Avec d’autre CDO, nous partageons certains points communs : une formation à l’international, l’envie de parcourir le monde à l’affût d’innovations, le désir de sortir de l’entreprise pour collaborer avec des agences digitales, des écoles, des start-ups, des incubateurs… »
Au-delà de vos savoir-faire quels sont les moyens mis à votre disposition ?
CDO : « Les moyens mis à disposition qui me semblent importants à citer sont humains.
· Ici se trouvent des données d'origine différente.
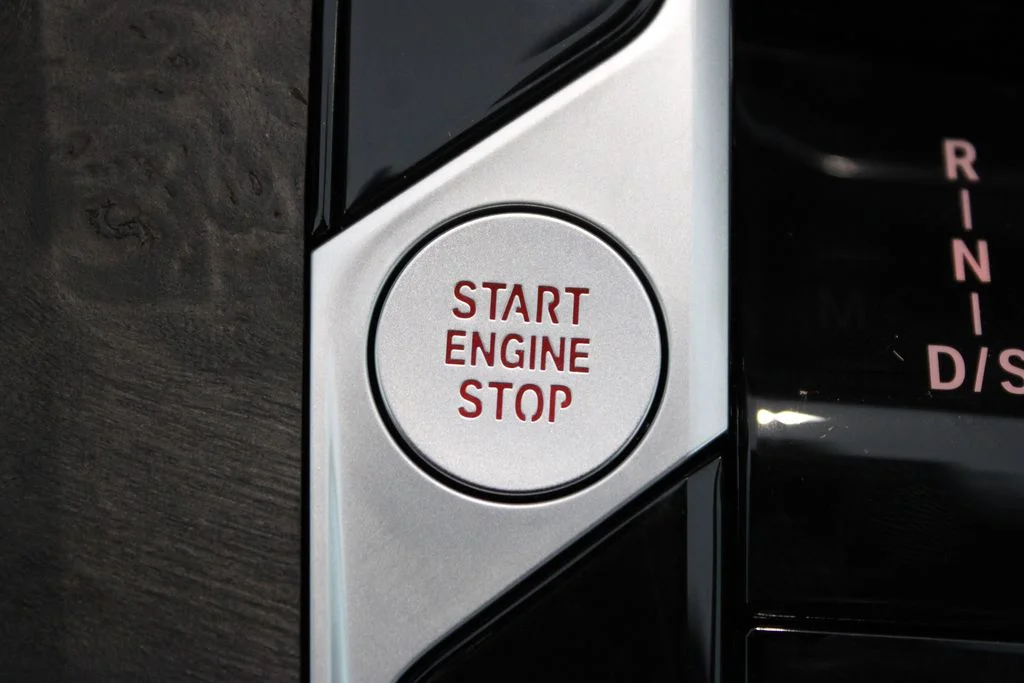 New 2026 Brooklyn Grey Metallic BMW xDrive40i image 22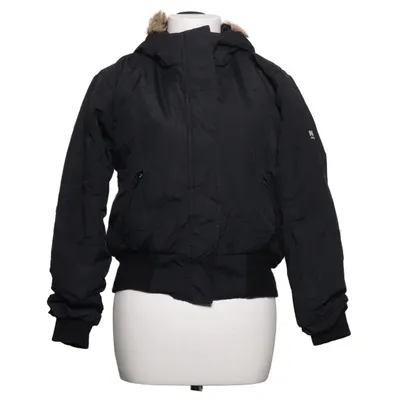 Vinterjacka (Zurich Jacket) från Nanok Polyamid, Polyester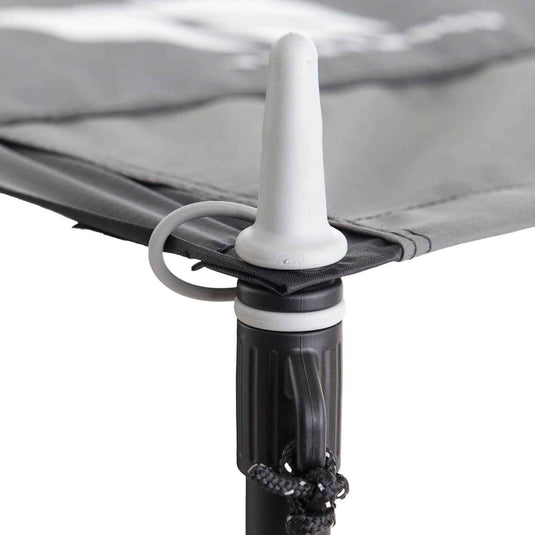 Vorzelt MIGHTY OAK LIGHT 165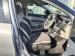 Renault Triber 1.0 Prestige auto - Thumbnail 5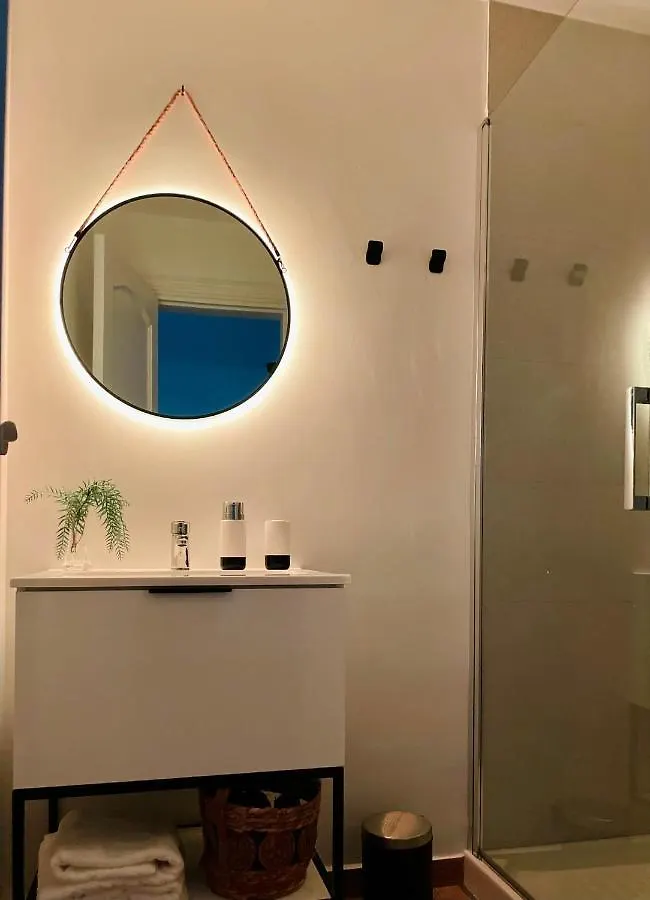 Casa Armonia Apartment Morro Jable  Morro Jable (Fuerteventura)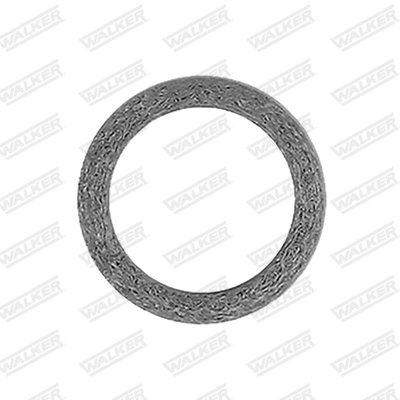 Gasket, exhaust pipe 82443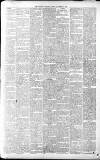 Lichfield Mercury Friday 26 November 1886 Page 7
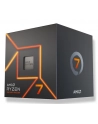 AMD Ryzen 7 7700 65W 8C/16T 5.3GHz AM5 BOX - nr 10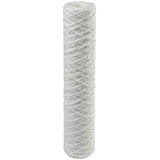 FA 20 SX - SEDIMENT WRAP FILTER POLYPROPYLENE
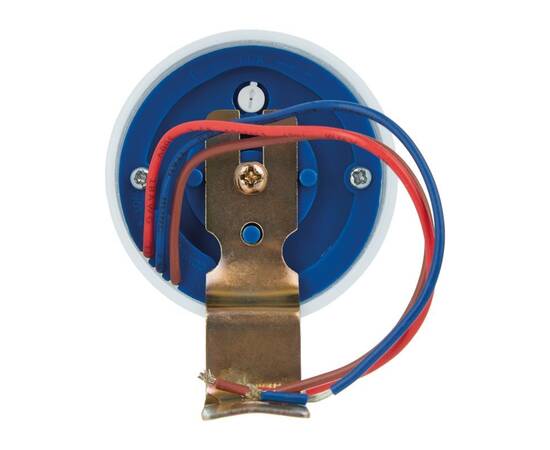 Фотореле WOLTA WSEN-05-PHR, изображение 4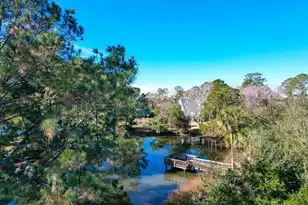 1563 Headquarters Plantation Dr, Johns Island, SC 29455 - Photo 73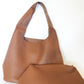Shannon Soft Purse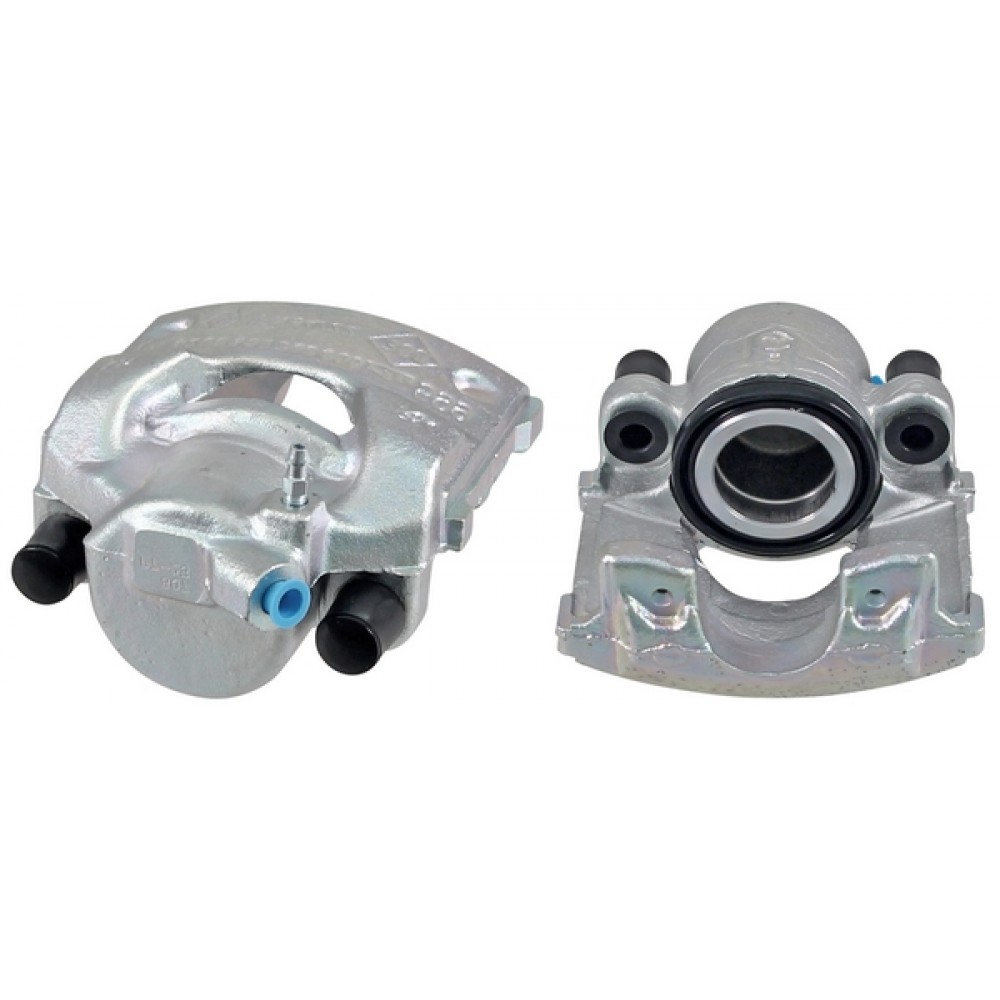 Brake Caliper ABS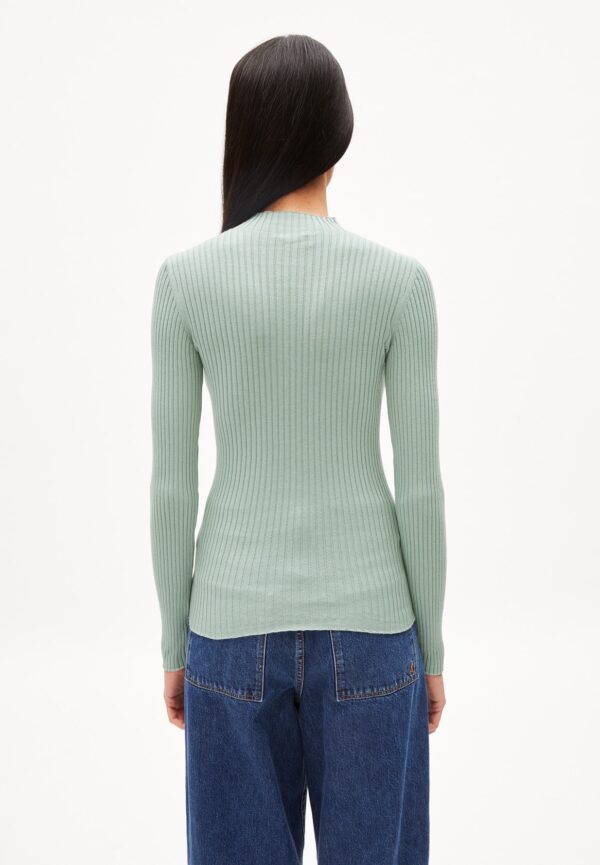 alaani lint 02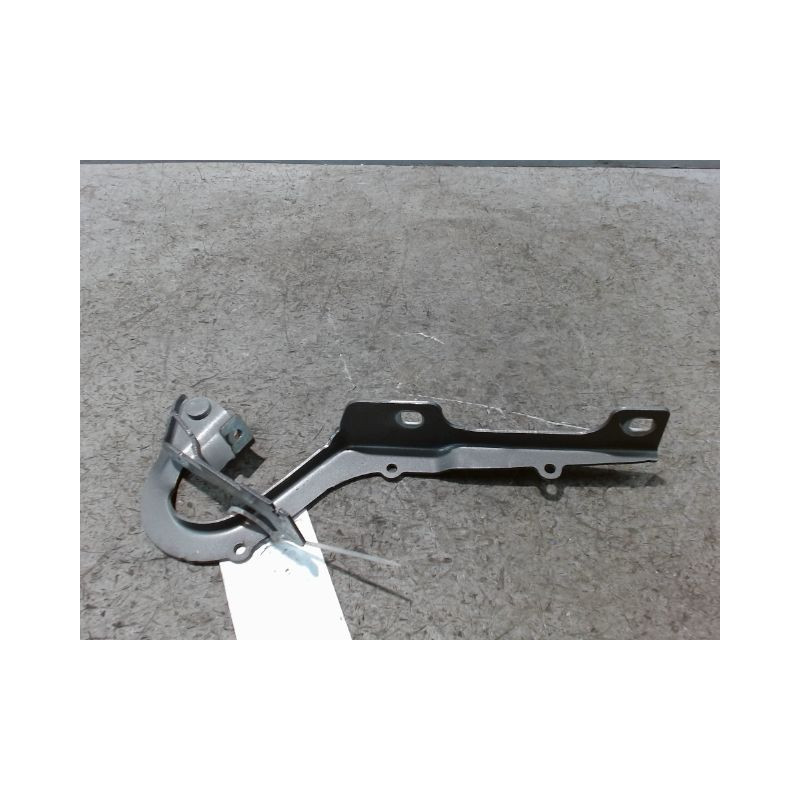 COMPAS GAUCHE CAPOT PEUGEOT 2008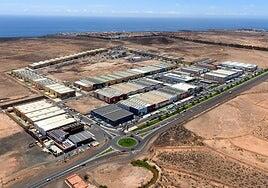 «Adiós, domingos; hola, precariedad»: CCOO arremete contra la libertad de horarios de El Matorral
Quel que soit l’organigramme mis en place dans les différentes entreprises dont j’ai connaissance, le CDO est en général un manager à la tête d’une équipe réduite. Cette petite équipe, c’est la start-up du CDO. Ses membres sont des spécialistes du numérique, agiles, capables de s’adapter, ils pratiquent l’essai-erreur, le mode projet… et s’appuient sur des relais dans chacun des métiers de l’entreprise.
Vous l’aurez compris, c’est aussi parmi les prérogatives du CDO et donc de son équipe, de créer des passerelles fortes entre les métiers. »
Quelles évolutions pour ce poste ?
CDO : « La particularité de cette fonction est qu’elle est par essence temporaire : le CDO, en tant qu’agent du changement dans l’organisation, travaille finalement à sa propre disparition. Si l’entreprise accomplit avec succès sa mutation numérique, sa fonction sera caduque.
Cependant pourrons-nous affirmer un jour que la transformation digitale est terminée ? Je n’en suis pas certain, en tout cas probablement pas avant de longues années car le monde du digital est le monde de l’innovation numérique au sens large. Il y a donc des évolutions à intégrer en permanence. »
Avec de telles responsabilités et contacts en interne, le CDO d’aujourd’hui peut-il être le PDG de demain ?
CDO : « La réponse à cette question n’est pas évidente. Les possibilités restent aussi variées que les profils de ces professionnels.
Les plus experts dans leur domaine, les champions du digital, qui ont un parcours exclusivement dans le numérique et un goût prononcé pour celui-ci plafonneront sûrement une fois la transformation de l’entreprise achevée. Ils pourront alors « se reconvertir » vers l’une ou l’autre des fonctions qu’ils côtoyaient : marketing, innovation, …
Ceux par contre qui ont déjà prouvé leur compétence managériale à travers un parcours généraliste, sont de probables futurs PDG oui.
Toutefois, pour le moment, « les Chief Digital Officer ne sont pas inclus dans les plans de succession des organisations », disait Romain Eyherabide, chasseur de tête pour les sociétés françaises. »
Merci CDO !
Finalement, le Chief Digital Officer accompagne les entreprises sur l’aspect stratégique d’intégration du digital, et aussi sur les aspects organisationnels et opérationnels autour des nouvelles technologies. C’est à la fois un métier d’avenir, parce que l’ère du digitale ne fait que commencer, et un métier très ancré dans le présent, puisque quasiment toutes les entreprises doivent appréhender le digital dès aujourd’hui.